# Source material

+ + + + +

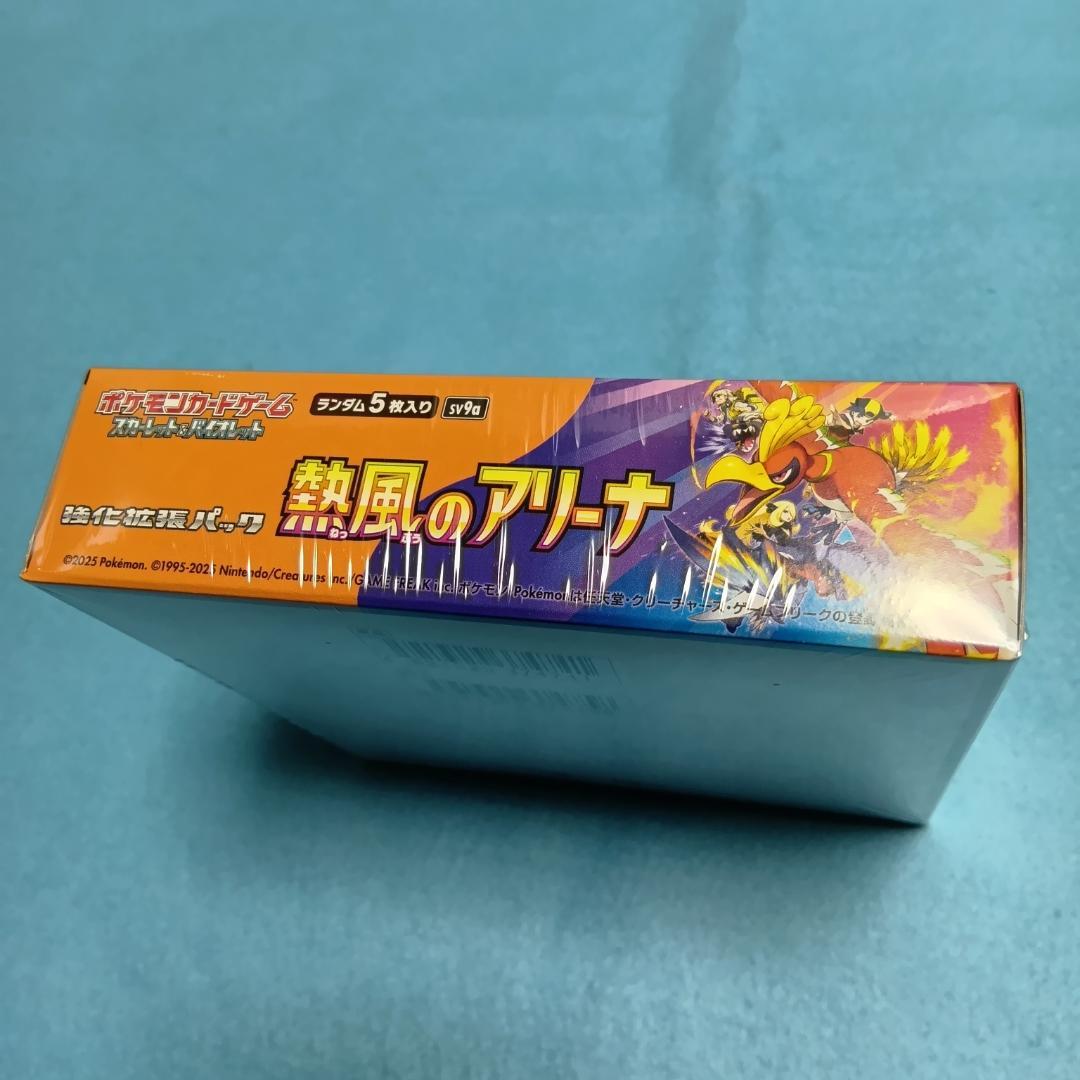 シュリンク付き　ポケモン　強化拡張パック　熱風のアリーナ　1BOX　未開封　新品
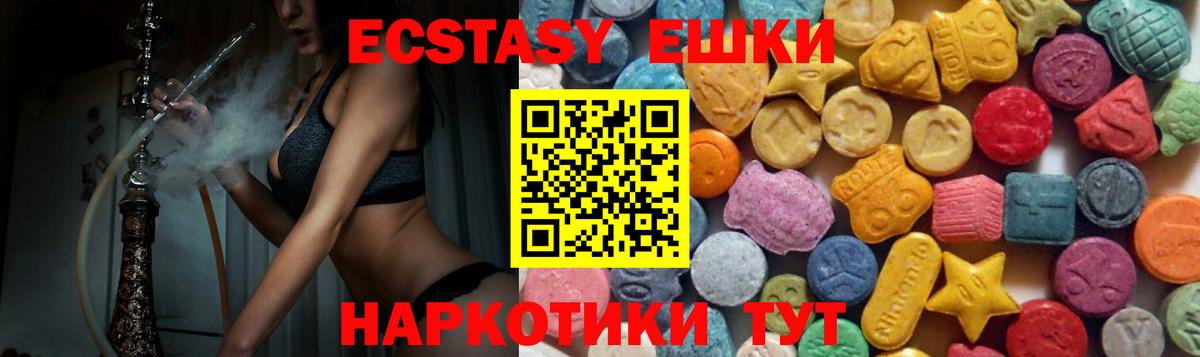 Рубцовск  где можно купить   Вход с VPN  Экстази  Ecstasy 250 мг  ЭКСТАЗИ таблы 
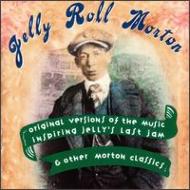 Jelly Roll Morton/Music Inspiring Jelly's Last J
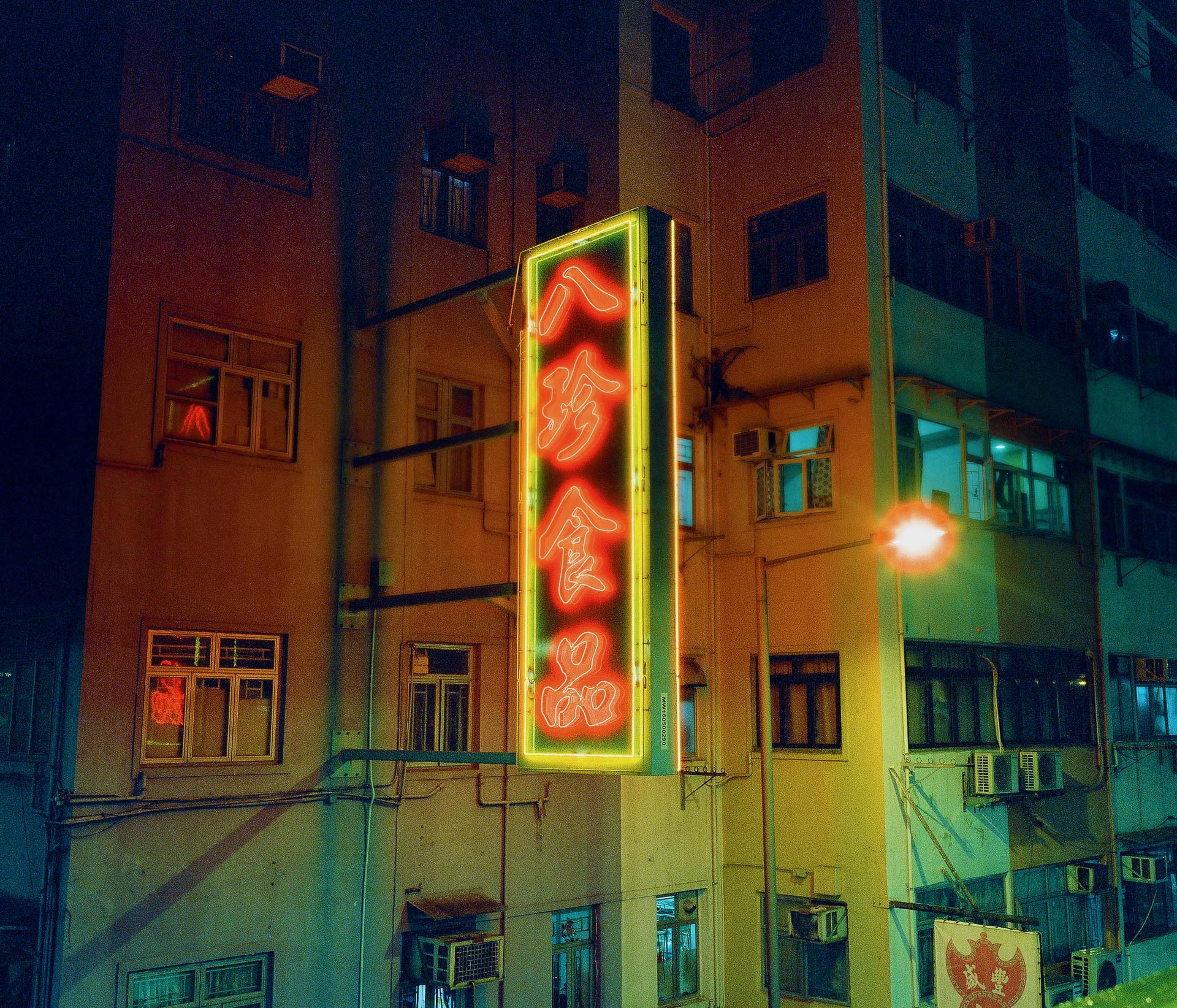Christopher-Button-Hong-Kong-4-of-12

+ + + + +

# Problem details
What is needed is an exact copy of all the data, with no images in it.

# Task solution
 シュリンク付き　ポケモン　強化拡張パック　熱風のアリーナ　1BOX　未開封　新品
 Рубцовск  где можно купить   Вход с VPN  Экстази  Ecstasy 250 мг  ЭКСТАЗИ таблы 
 Jelly Roll Morton/Music Inspiring Jelly's Last J
Christopher-Button-Hong-Kong-4-of-12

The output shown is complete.